Gdyby na ulicy kilka lat temu zrobić sondę i postawić pytanie: z czym ci się kojarzy zwrot „Zosiu, Zośko, hej Zosieńko” to z prawdopodobieństwem równym jedności można by się spodziewać odpowiedzi, że pewnie chodzi o jakąś o jakąś ckliwą piosenkę miłosną i to z okresu II RP (albo wczesnego PRL-u). Bo przecież dziś imiona dzieci – a w tym dziewczynek głównie – nadawane są zgodnie z ramówką wyświetlanych tasiemcowych, mydlanych seriali TV.
Tak byłoby kilka lat temu. Bo dziś, dzień po śpiewaniu przez mieszkańców Warszawy (ale zapewne nie tylko bo przecież przez widzów przed telewizorami) nie-zakazanych powstańczych pieśni byłoby zupełnie inaczej. Jestem pewien, że bardzo wielu pytanych na ulicy przypadkowych przechodniów powiedziałoby jednym tchem: "to pieśń batalionu powstańczego „Zośka!”
To jest nieprawdopodobny fenomen jak Powstanie Warszawskie wybucha na naszych oczach na nowo. Na pohybel komuchom, którzy przez lata tłumili pamięć o zaplutych karłach reakcji.

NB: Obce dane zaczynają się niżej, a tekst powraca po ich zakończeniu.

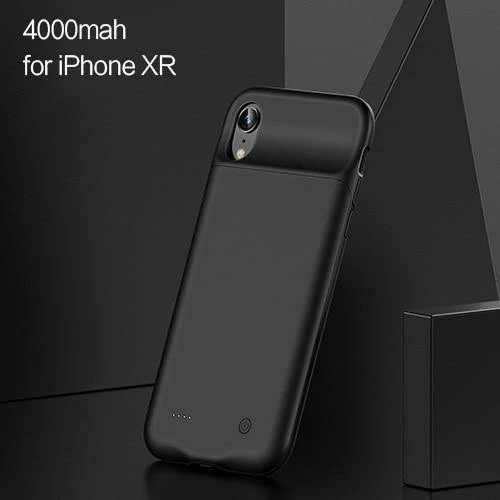Batterie-Kasten für iPhone X XR XS XSmax, USAMS 4000mAh Fall des externen Ladegeräts Ersatzenergie-Bank-beweglicher Energie-Aufladungsfall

Na przekór wpływowym żydowskim środowiskom, które przez lata forsowały w świecie wersję, że jeżeli jakiekolwiek powstanie w Warszawie w czasie II wojny światowej to tylko Powstanie w Getcie. No i przeciwko naszym zwolennikom partii szmalcowników i wszelkiego tałatajstwa, którzy przez ostanie lata robili bardzo dużo aby tę pamięć poniżyć lub ośmieszyć.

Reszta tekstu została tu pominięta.